We’ve been beaten down. We’ve been strategically outmaneuvered. We’ve won some beautiful trees while forests rotted. Nelson Lichtenstein’s analysis in “The State of the Union,” gives a history of labor unions in the United States by way of arguing for the need to re-strengthen them, and I think the case is very persuasive. Lichtenstein weaves together a number of themes to explain the decline in union membership and power.
One is increased reliance on individual rights and legal protections. Federal laws ban all sorts of discrimination, endangerment, and abuse, but the federal government does not do an effective job of protecting workers from retaliation for asserting their rights and almost nothing to maintain other important elements of the workplace, such as wage levels or the prevention of mass layoffs.
We have learned to think of ourselves as individuals protected by laws, rather than brotherhoods and sisterhoods protected by our strength in numbers. We have a long list of rights, including – most notoriously – the “right to work.” So called Right to Work laws clearly hurt unions but are not too far a-field from modes of thought that labor supporters have engaged in themselves. Unions are now seen as ways to protect individual jobs and proper grievance procedures following individual wrongs, not as cross-company efforts to lift the wages and benefits of entire industries. If the purpose of a union is simply to protect me from specific injustices, surely I ought also to respect my coworker’s right to not be coerced to join, right?
But if the purpose of a union is to change society and improve the lot of all workers, then clearly the “right” of my coworker to be a freeloader and drag us all down is not to be respected. The case Lichtenstein makes is that in the process of making fantastic gains in the Civil Rights, Feminist, and other movements, leftists unwittingly sacrificed a conception of the labor union that is badly needed today. No doubt this analysis will annoy some people, but it ought to be taken as encouraging. The right didn’t defeat us; we beat ourselves. Therefore, a reconstituted labor left can successfully fight back.
And we’d better do so fast, because we are being divided and conquered. President Bush’s new immigration policy proposal would formalize second-class status for immigrants. Under this status, you can be deported if you’re without work for a number of days. How can anyone risk organizing a union under that threat? And if 45 days without work will get you deported, how do you retire? Do you have to consult a doctor and retire 44 days before your death? Anyone who imagines that this will not drag us all down together is dreaming.

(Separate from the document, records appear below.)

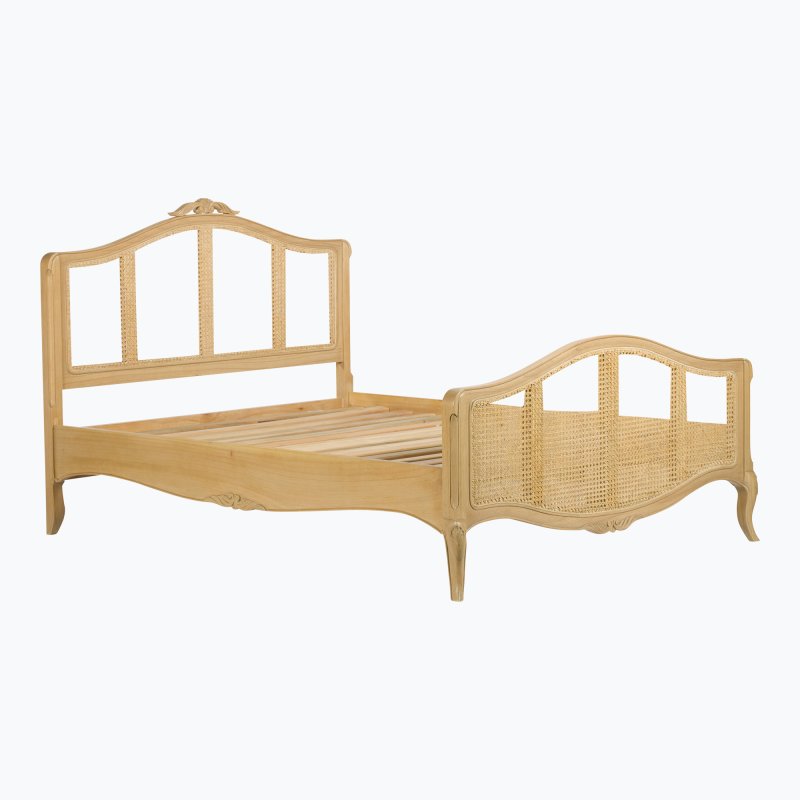 150cm Bedstead 150cm Bedstead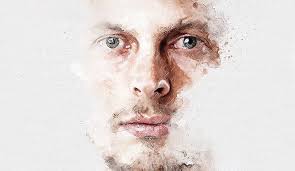 Sandstorm Motion Kit by Thomas Kovar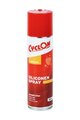 CYCLON BIKE CARE ulei - SILIKONEN / CYLICON SPRAY 250 ml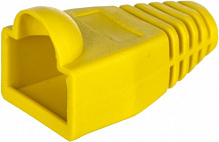 Комплект колпаков 8Р8С (10 шт.) 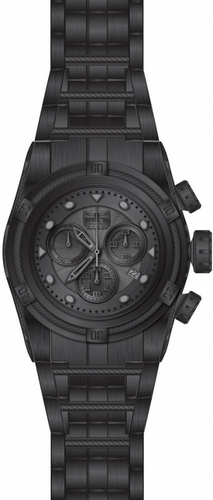 Invicta 23915 Bolt Mens Chronograph Quartz Watch
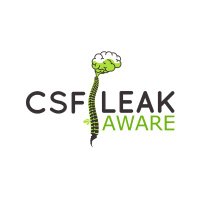 CSF Leak Awareness Ireland(@csfleakaware) 's Twitter Profile Photo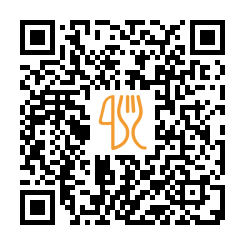 Link con codice QR al menù di Guó Bīn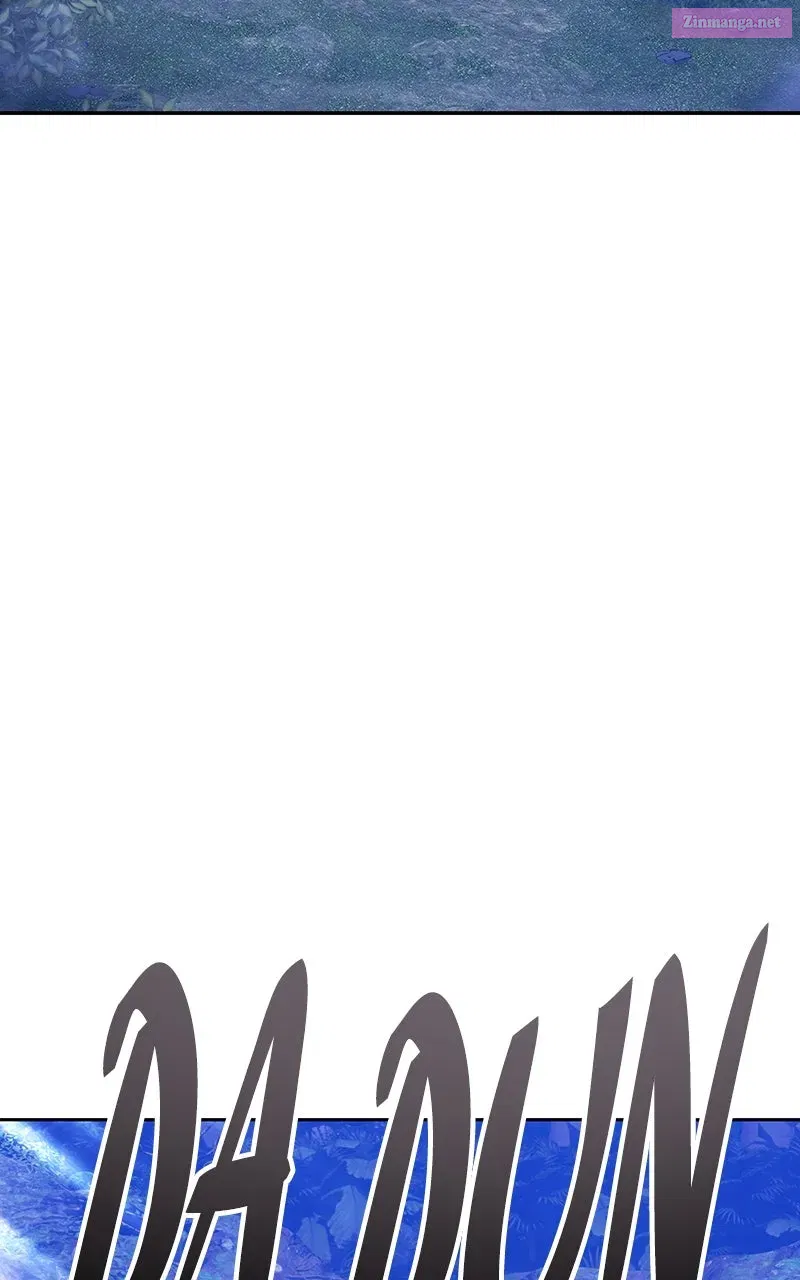 +99 ReinforcedWooden Stick Chapter 168 page 139 - 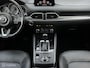 Mazda CX-5 2.5 SkyActiv-G 194 GT-M 4WD | Camera | BOSE | Leer | HUD | Stuurverw. | Stoelverw.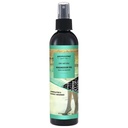 Aromasong Magnezu Spray - Dodatkowa siła (23 mg w każdym Spritz) 8 Oz Refill Butelka, Naturalny i Czysty Magnezu Oil Spray - Made in The USA - for Noga Discomfort i promuje spokojny sen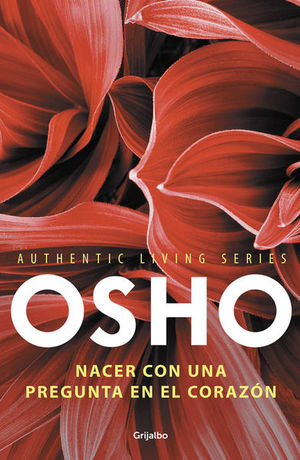 sotano_covers/9786073/9786073127646.jpg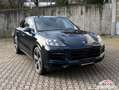Porsche Cayenne S Coupe MJ 24|360°|SpChr|18Wege|BOSE|ACC Blau - thumbnail 8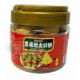 鄉春鄉村極品馬來起士酥餅-奶素(罐)**運送過程中難免破損,無法接受者請勿下單** 鄉春鄉村極品馬來起士酥餅-奶素(罐)**運送過程中難免破損,無法接受者請勿下單**
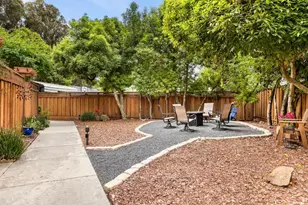1644 Ocean St, Santa Cruz, CA 95060 - Photo 40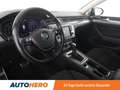 Volkswagen Passat Alltrack 2.0 TDI 4Motion BlueMotion Tech Orange - thumbnail 11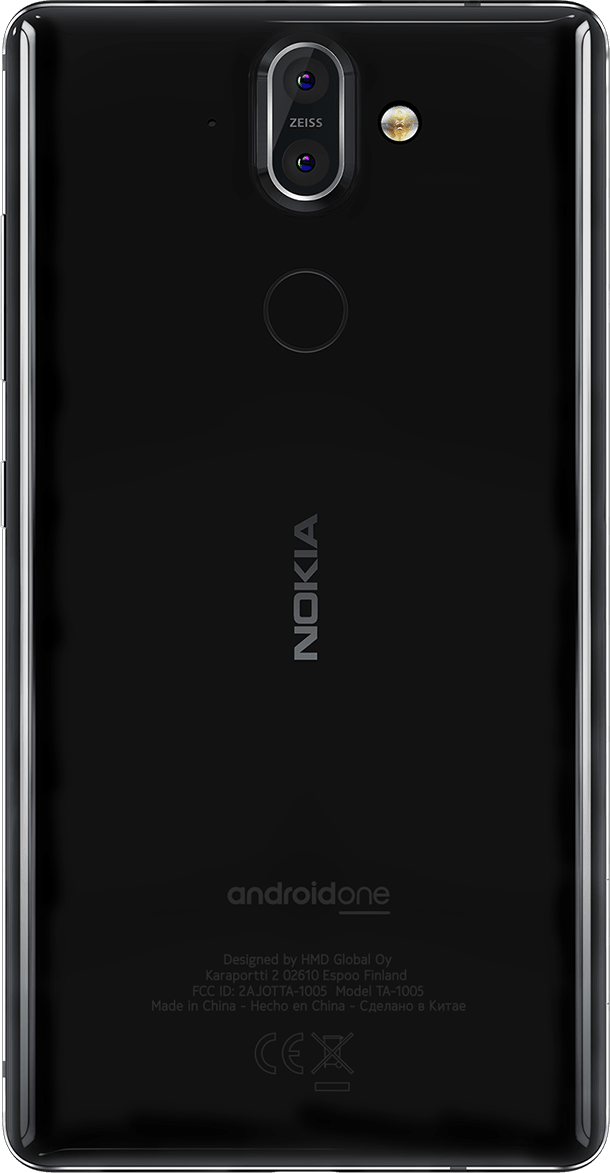 The latest Nokia Android smartphones and mobile phones | Nokia phones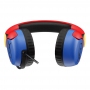 Наушники HyperX Cloud Mini (7G8F3AA) thumbnav 2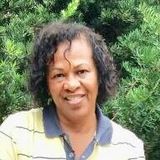 Mari from Barueri | Woman | 65 years old | Scorpio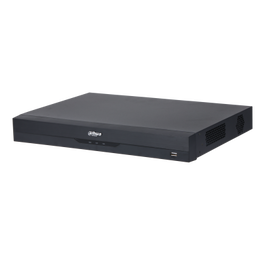 Dahua DHI-NVR5216-EI2 NVR WizSense 16 Canales 8K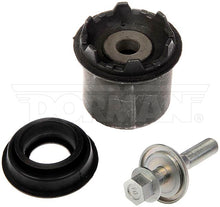 Load image into Gallery viewer, 523-523 Suspension Subframe Bushing Kit Dorman - OE Solutions Canada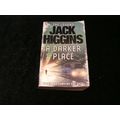 A Darker Place by Jack Higgins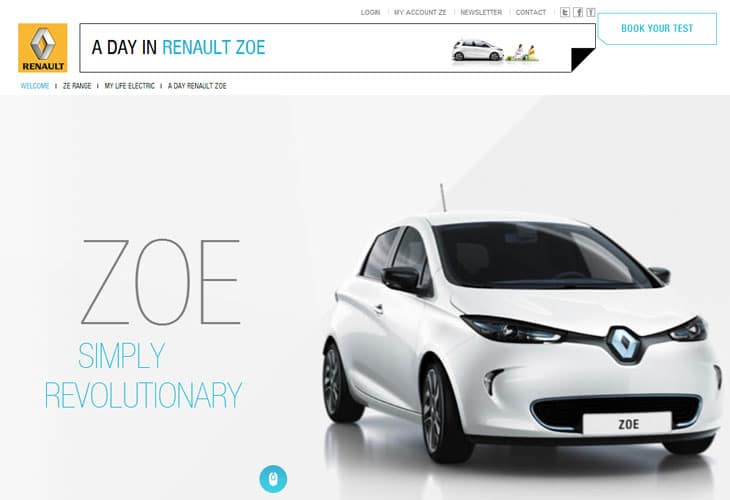 renault-zoe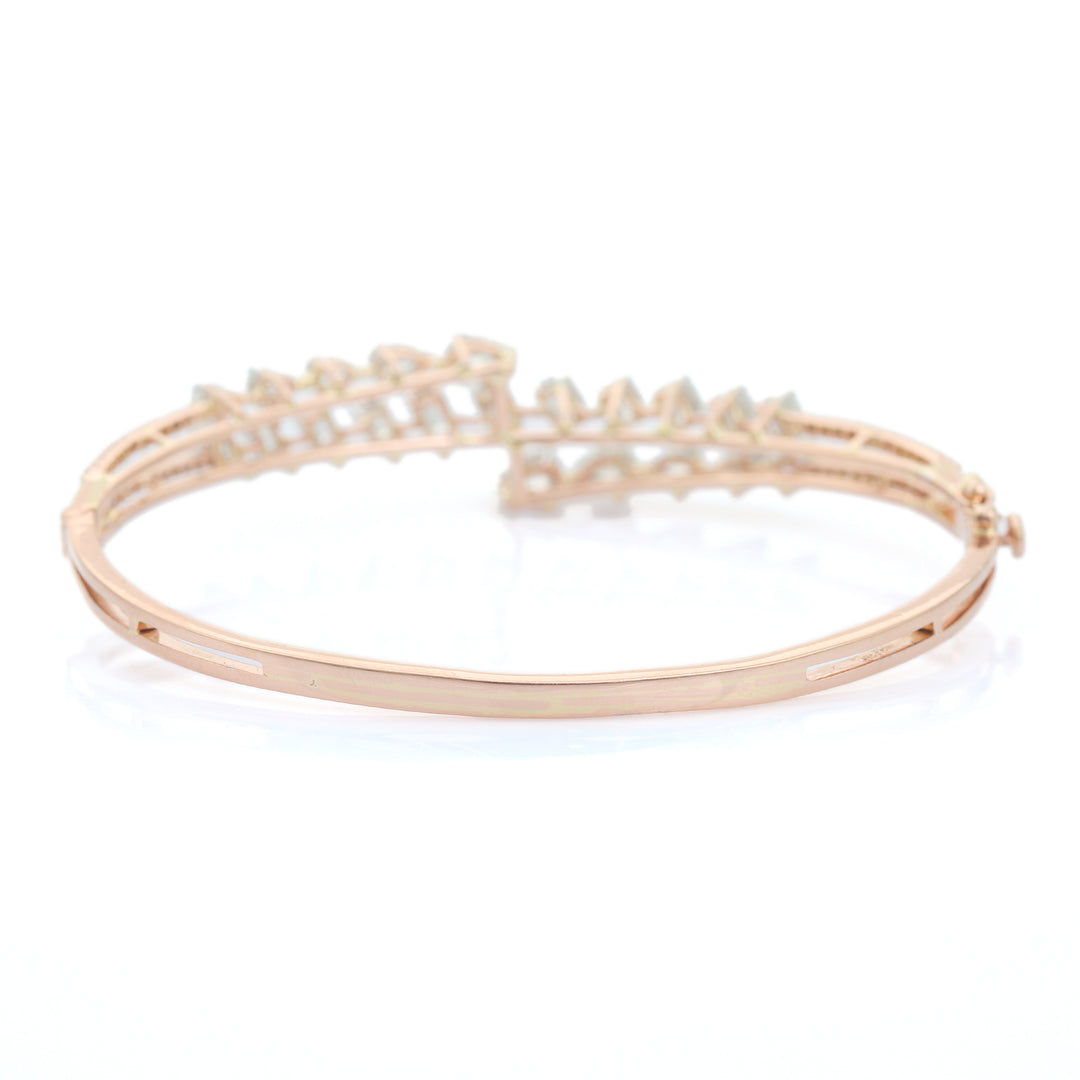 Sargam Bracelet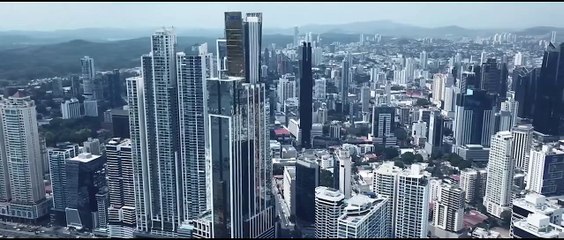 Apocalypse Of Ice - Die letzte Zuflucht Trailer OV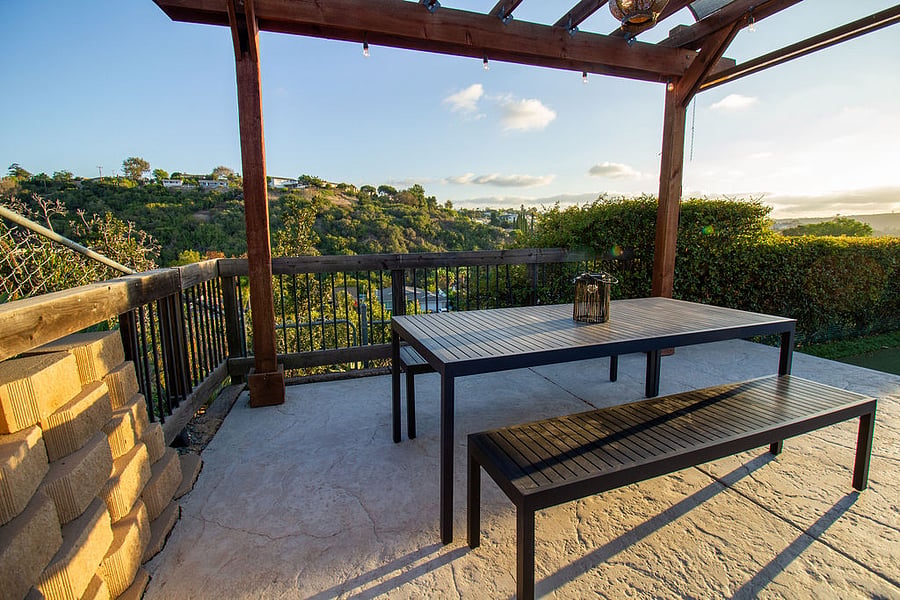 Furnished Finder property 1057222_1 photo 33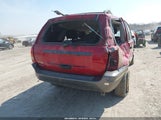 JEEP GRAND CHEROKEE LAREDO 1J4GW48S34C289321 снимка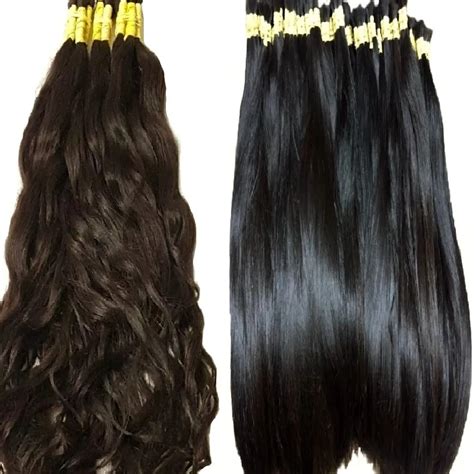 Cabelo Humano Mega Hair Liso Natural Cm Gramas Mercado Livre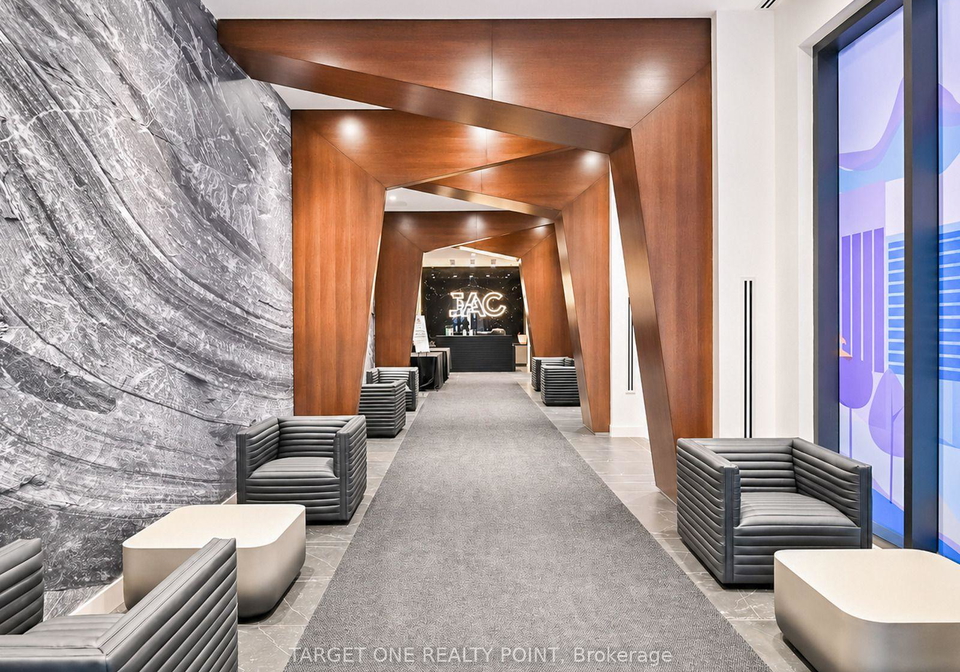 308-jarvis-street-toronto-toronto-ontario-c13536074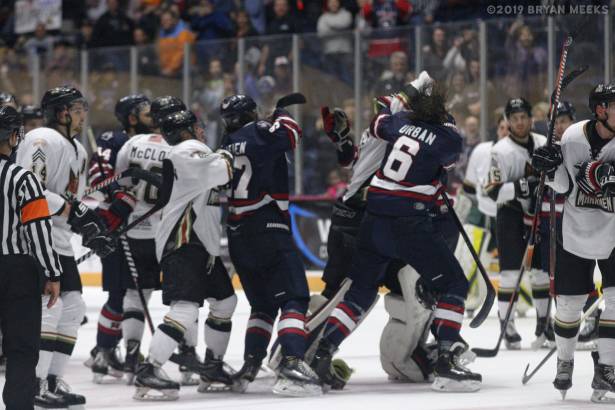 Macon Mayhem 190301_IMG_3070_MHP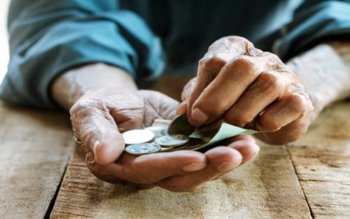 IMPORTANT! Persoanele care s-au pensionat …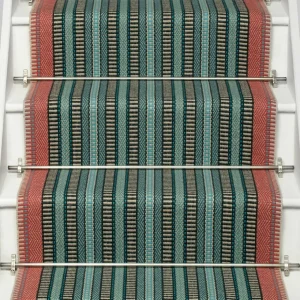TKC-RO-1114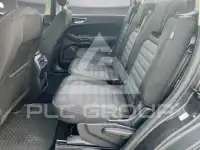 2020 Ford GALAXY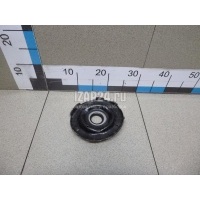 Опора передней пружины верхняя Toyota ES (CV3) (2001 - 2006) 4847141010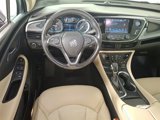 Used 2017 Buick Envision Preferred image 2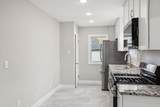 2700 Buchanan Street - Photo 11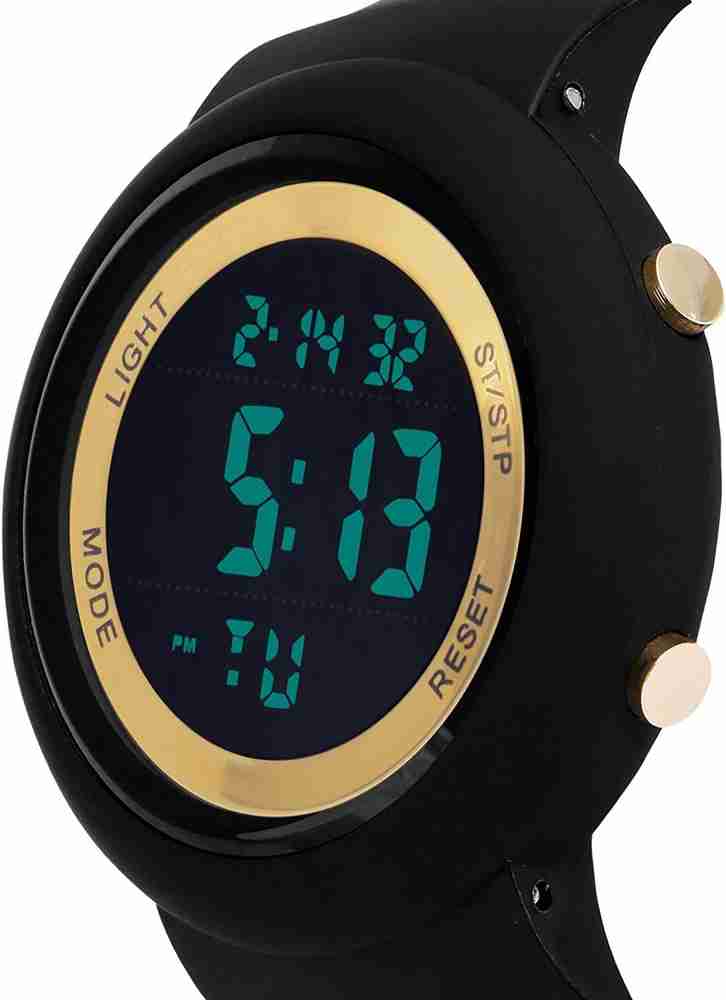 Puma led watch price in hot sale india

We must recognize, and recognize very soon, that 90 percent of Americans are being handed the very short end of a stick. We can work together to develop our democracy, the culture of our democracy, our civic activism, our collective voices in the workplace, in the community, in local, state, and national government. Or we can continue down a path that is dividing our country along lines of wealth and solidifying families’ economic positions.
The most powerful force for good we have in this nation, even now, even at its low point, is the labor movement. When the labor movement gets fully behind the peace movement, when we reject a war-economy, when we reject aggressive military actions abroad, when we force our government to address our needs at home and begin by protecting the right to organize in a democratic workplace, we will launch a cycle that opens up real possibilities for more and more people, not just possibilities for fictional characters who make us feel wistful, insufficient, and sedated.
We are the awakening working class, we are the majority – though we damn well are not going to be a silent one. We are the manufacturing and service and high-tech and manual laborers who create this country’s wealth, pay for this country’s weapons, and receive the brunt of the Bush Administration’s policies. Each of us is virtually powerless. Together we are invincible.